War on New Zealand’s privacy raises serious issues (opinion) – Part II

obama-shepard-fairey-nsa-prism-2There is no doubt that New Zealand is being subject to mass surveillance. Probably not by our own government, but certainly by others as evidence from the Snowden affair has shown. New Zealand is uncomfortably bound into the Five Eyes agreement and unlikely to ever be allowed to leave. However, that protection comes at a cost to the privacy of the New Zealand citizen and a fledgling ICT Industry that deserves better.

As I have commented before, New Zealand has been the subject of surveillance by the Five Eyes and other nations for several decades. As technology has grown, spies have adapted tools to cater for it, in a leap frog where the surveillance is better than the security tools and vice versa. Right now, the security tools are slightly ahead and giving the spies some major headaches.

There are issues at the heart of this debate that have not been given enough time to be debated. The media is much more interested in Click Bait, instantaneous headlines that attract the mouse click and so the online advertising revenue, rather than in depth journalism.

The affect of all of this is twofold. The first being on the citizen of New Zealand going about your daily business and the second for the fledgling ICT Industry (and other industries for that matter).

As far as it goes for the personal citizen, the answer is relatively simple. Your privacy is your responsibility. Citizen’s need to educate themselves on how to ensure their own privacy. For those that care, then you can find a good guide written by yours truly here.

There is, a secondary thought, fueling the laziness of the average citizen, which says that we shouldn’t have to protect ourselves. I cry bullshit on this. One thing is absolutely certain, if you look the government to save you, then you are doomed. That is not government’s job, at this level, they are providing the surveillance in order to protect you, remember?

Now. Let’s look at the impact on industry, including ICT, in New Zealand. Most of which was born out of the “bend me over a barrel” laws passed last year with the help of Peter Dunne in order to, in my opinion, bolster the Five Eyes surveillance tools. A circus again, supported by Kim Dotcom and media that missed critical issues in favour of putting an international criminal against our Prime Minister. Opportunity lost.

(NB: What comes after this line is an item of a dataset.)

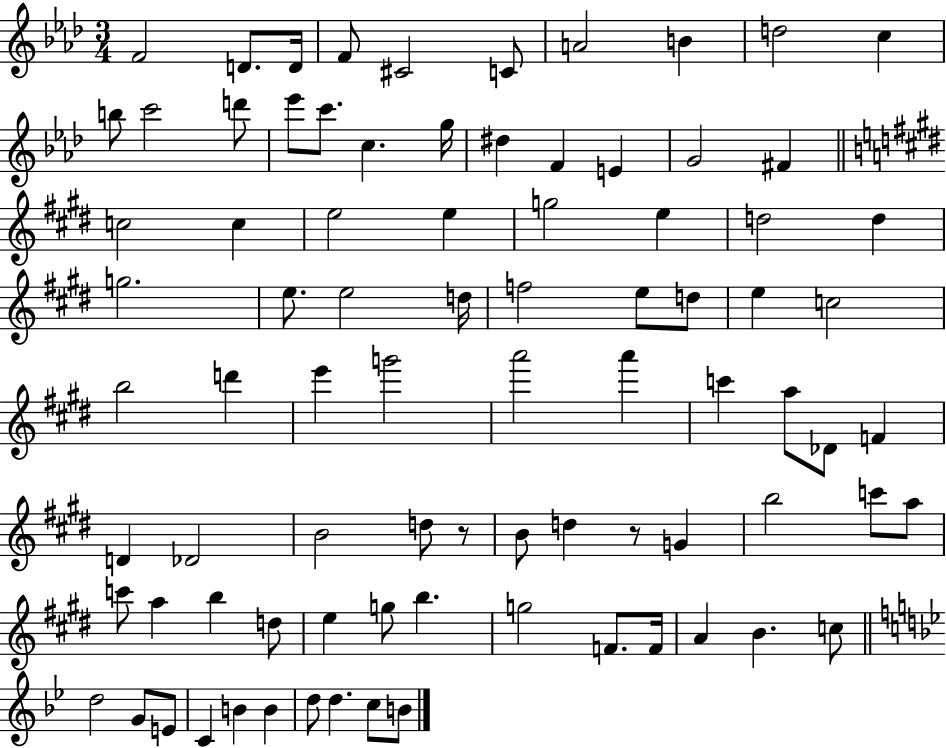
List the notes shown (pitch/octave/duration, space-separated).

The first thing is that the surveillance that goes on internationally actually has little to do with terrorism, although that is what we are taught. I sat on a panel with Bruce Ferguson and Paul Buchanan at NetHui last year and one of Paul’s comments was “Terrorism is the fig leaf on surveillance.” Or words to that affect. In other words, the vast majority of surveillance is NOT about protecting us from terrorists, it’s about something else.

That something else was exposed a few decades ago as information from ECHELON was used to gather highly sensitive information about an alternate bid, in a contract worth billions, that in the end, favoured a US company. The scene was set. ECHELON was not about chasing criminals, it was about gathering industrial and other information.

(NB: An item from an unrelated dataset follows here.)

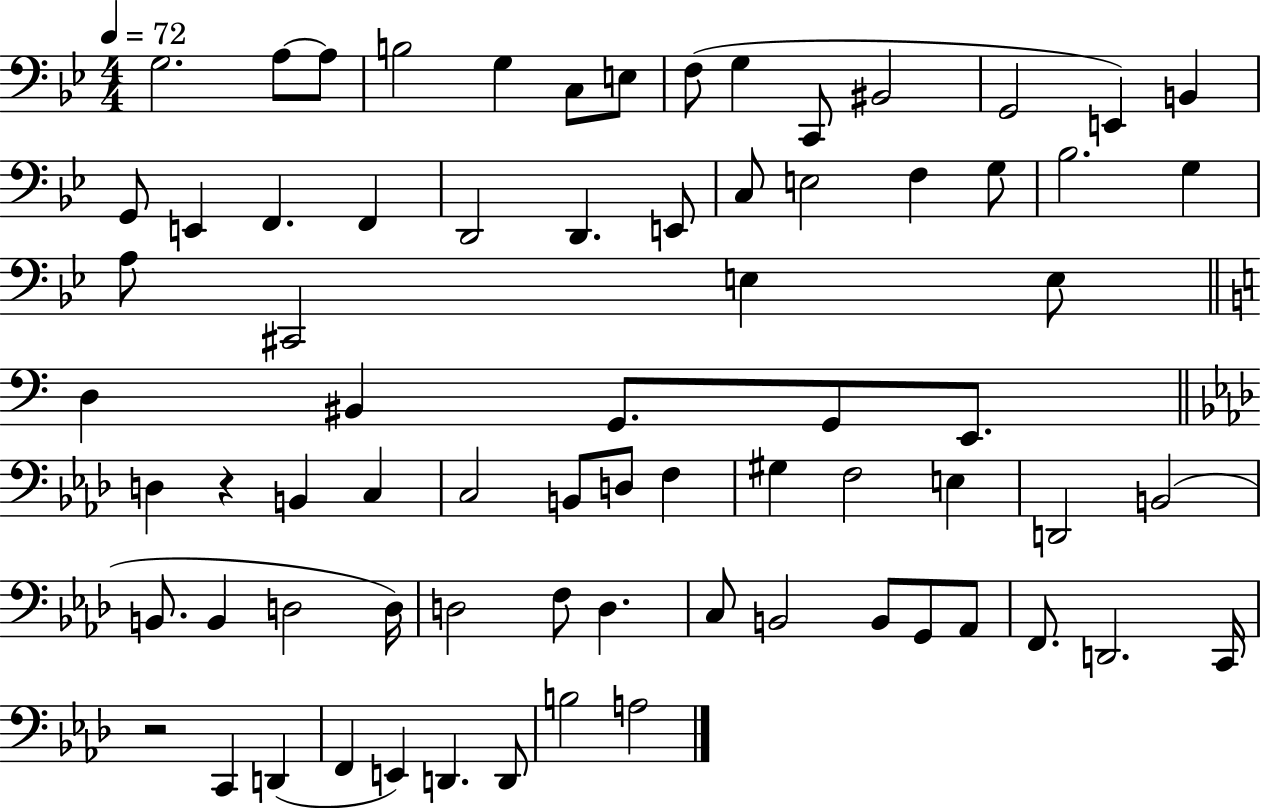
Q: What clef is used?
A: bass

And so it has been proven via Snowden that the Five Eyes have been spying on a number of countries (Indonesia, Brazil, Germany, France, and others) NOT to alleviate criminality but to gather information on industry, negotiations, the likely outcome of government decisions (Timor), and so on.

Industry and ICT Lobby Leaders that I have spoken to today in New Zealand are angry that the Kim Dotcom circus has detracted from these facts. That our participation in the Five Eyes puts our industries at a distinct disadvantage. The New Zealand’s Government’s job is to protect this country. So why are they allowing our secrets to be taken across our industries?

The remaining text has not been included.